Il cantiere del Grande Centro, inaugurato la scorsa settimana al Senato, porta con sé un grande equivoco e contemporaneamente un enorme rischio per la nostra democrazia.

Partiamo dall’equivoco. L’operazione centrista prevede un piano confuso e, senza dubbio, con pochi precedenti. Innanzitutto, presuppone una legge elettorale proporzionale, senza la quale le ambizioni moderate rimarrebbero solo sogni. In secondo luogo, data la sua composizione eterogenea, il partito in sé avrebbe poco riscontro elettorale e il rischio di figuracce è dietro l’angolo. Le previsioni, forse troppo ottimistiche delle scorse settimane, lo vedono lanciato verso il 15 per cento nei sondaggi, ma in questi casi la somma reale risulta poi sempre inferiore al totale dei sondaggi.

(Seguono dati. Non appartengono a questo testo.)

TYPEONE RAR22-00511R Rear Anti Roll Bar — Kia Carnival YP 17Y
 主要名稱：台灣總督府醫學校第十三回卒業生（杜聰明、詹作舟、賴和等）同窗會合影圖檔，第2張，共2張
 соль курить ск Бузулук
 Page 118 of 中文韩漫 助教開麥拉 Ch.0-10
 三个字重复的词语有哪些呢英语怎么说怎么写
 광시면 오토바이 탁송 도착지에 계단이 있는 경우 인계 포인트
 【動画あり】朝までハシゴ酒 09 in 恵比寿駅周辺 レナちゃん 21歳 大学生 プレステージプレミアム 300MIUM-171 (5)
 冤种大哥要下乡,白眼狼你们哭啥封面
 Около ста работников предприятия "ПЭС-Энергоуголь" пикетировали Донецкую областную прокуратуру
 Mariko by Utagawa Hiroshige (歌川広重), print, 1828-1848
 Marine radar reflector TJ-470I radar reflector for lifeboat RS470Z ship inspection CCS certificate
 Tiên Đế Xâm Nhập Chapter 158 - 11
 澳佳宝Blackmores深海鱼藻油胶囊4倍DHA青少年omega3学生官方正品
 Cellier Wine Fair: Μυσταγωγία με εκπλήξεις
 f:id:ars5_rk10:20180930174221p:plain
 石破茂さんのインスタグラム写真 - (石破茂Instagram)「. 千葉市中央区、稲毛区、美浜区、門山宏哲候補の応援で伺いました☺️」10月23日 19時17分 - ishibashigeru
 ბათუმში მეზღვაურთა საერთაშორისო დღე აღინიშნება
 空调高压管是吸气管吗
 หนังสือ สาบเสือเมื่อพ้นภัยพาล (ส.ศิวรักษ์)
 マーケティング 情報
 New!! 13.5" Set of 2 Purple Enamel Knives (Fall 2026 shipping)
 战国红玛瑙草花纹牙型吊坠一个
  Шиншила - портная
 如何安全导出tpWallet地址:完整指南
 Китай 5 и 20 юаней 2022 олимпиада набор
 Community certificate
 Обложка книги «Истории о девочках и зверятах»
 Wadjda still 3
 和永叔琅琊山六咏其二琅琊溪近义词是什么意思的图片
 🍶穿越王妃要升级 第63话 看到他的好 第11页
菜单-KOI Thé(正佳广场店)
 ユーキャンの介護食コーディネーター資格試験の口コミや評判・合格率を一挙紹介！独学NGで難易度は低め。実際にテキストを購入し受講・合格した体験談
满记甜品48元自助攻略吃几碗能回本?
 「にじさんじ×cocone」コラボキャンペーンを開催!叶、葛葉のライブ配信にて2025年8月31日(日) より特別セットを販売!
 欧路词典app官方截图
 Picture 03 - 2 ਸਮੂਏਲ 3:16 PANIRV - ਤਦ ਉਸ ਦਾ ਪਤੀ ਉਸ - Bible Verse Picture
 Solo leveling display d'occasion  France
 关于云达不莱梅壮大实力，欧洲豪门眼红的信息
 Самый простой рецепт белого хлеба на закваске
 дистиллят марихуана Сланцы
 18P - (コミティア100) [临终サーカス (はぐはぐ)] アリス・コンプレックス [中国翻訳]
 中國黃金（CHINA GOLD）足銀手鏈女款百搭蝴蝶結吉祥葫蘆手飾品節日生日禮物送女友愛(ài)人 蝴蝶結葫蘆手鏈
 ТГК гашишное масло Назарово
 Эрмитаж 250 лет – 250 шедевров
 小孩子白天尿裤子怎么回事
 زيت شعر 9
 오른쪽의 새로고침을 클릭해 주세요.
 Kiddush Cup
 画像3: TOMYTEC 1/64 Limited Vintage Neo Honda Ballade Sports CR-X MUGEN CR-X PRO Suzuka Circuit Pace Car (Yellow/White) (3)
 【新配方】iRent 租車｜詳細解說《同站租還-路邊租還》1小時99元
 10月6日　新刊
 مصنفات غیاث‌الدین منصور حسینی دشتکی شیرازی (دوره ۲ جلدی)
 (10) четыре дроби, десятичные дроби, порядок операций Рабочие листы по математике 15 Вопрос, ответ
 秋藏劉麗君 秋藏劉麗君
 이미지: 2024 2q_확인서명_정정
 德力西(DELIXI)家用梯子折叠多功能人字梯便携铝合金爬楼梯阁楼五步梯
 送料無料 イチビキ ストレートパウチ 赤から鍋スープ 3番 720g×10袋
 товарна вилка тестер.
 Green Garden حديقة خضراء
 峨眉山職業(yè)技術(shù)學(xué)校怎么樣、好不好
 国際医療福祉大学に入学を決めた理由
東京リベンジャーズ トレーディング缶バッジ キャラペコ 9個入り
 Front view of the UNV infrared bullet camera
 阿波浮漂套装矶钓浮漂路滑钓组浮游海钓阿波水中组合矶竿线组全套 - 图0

Stiamo parlando di partiti che attualmente arrivano a mala pena al 2 per cento e ancor prima di iniziare alcuni protagonisti hanno prematuramente abbandonato il progetto. Carlo Calenda, leader di Azione, si è prontamente defilato e le prossime elezioni politiche lo vedranno a braccetto con +Europa ed estraneo al teorico partito centrista. Risalta così la debolezza di un progetto politico senza fondamenta culturali e privo di un qualsiasi sostegno da parte dei cittadini italiani, poco interessati alle deboli alleanze centriste e al cosiddetto polo moderato. Una condizione di pericolosa autoreferenzialità, che si gioca in un dibattito che appassiona politici e addetti ai lavori ma che probabilmente lascia freddi e disinteressati gli elettori. Un equivoco non di poco conto per un partito che, sondaggi alla mano, dovrebbe fare da ago della bilancia delle prossime elezioni politiche.

Perché allora battersi per un progetto così fragile e inseguire una soluzione di alleanze poco efficiente sia sul piano politico sia sul fronte elettorale?

La risposta al quesito ci porta ad affrontare l’enorme rischio che questo progetto porta con sé: il rischio di un commissariamento, questa volta reale, della politica. Un esito che rappresenterebbe una macchia indelebile per la nostra democrazia parlamentare.

L’unico perno che può tenere insieme l’eterogeneità di questo progetto è l’attuale presidente del Consiglio e i primi a riconoscerlo sono i partiti stessi. L’obiettivo, infatti, non è quello di creare un nuovo partito e sfruttare l’immagine di Draghi come presunto federatore in campagna elettorale, bensì quello di chiedere all’ex numero uno della Bce di subordinare le sue ambizioni personali e continuare la sua opera a Palazzo Chigi. Attuare così le riforme (incluso il Pnrr) oltre la scadenza naturale della legislatura, oltre le prossime elezioni politiche e quindi oltre il 2023. 

Il rischio è un corto circuito istituzionale che tradurrebbe in realtà il più volte citato rischio di commissariamento della politica. L’ennesimo segno di debolezza di una politica che fatica a trovare una propria identità. Un altro sintomo della crisi dei partiti, sempre più distanti dagli elettori e sempre più restii a sviluppare una propria linea programmatica fondata su idee e principi. A confrontarsi democraticamente, a competere a suon di proposte e non attraverso alleanze cieche e di corto respiro.

Il tono duro e freddo, con il quale da Mario Draghi nell’ultima conferenza stampa ha perentoriamente escluso un suo impegno politico futuro non deve ingannarci. Nulla gli vieta di sfruttare la debolezza strutturale dei partiti e l’assenza di vere alleanze per riproporsi come garante dell’unita nazionale. Sfruttare la crisi, questa volta partitica e non sanitaria, per superare le elezioni, oltrepassare la volontà elettorale dei cittadini e reimporre una guida tecnica a Palazzo Chigi.

L’immagine e il futuro politico di Draghi non possono essere il nucleo portante di un’alleanza politica. È importante, per tutti i partiti italiani, delineare un’agenda per le prossime elezioni, determinare con chiarezza le proprie posizioni e instaurare un rapporto di reciproca fiducia con l’elettorato. Dimostrandosi all’altezza di riprendere in mano la guida del Paese. Il commissariamento della politica, di cui si lamentano, lo devono contrastare in primo luogo i partiti, non favorirlo.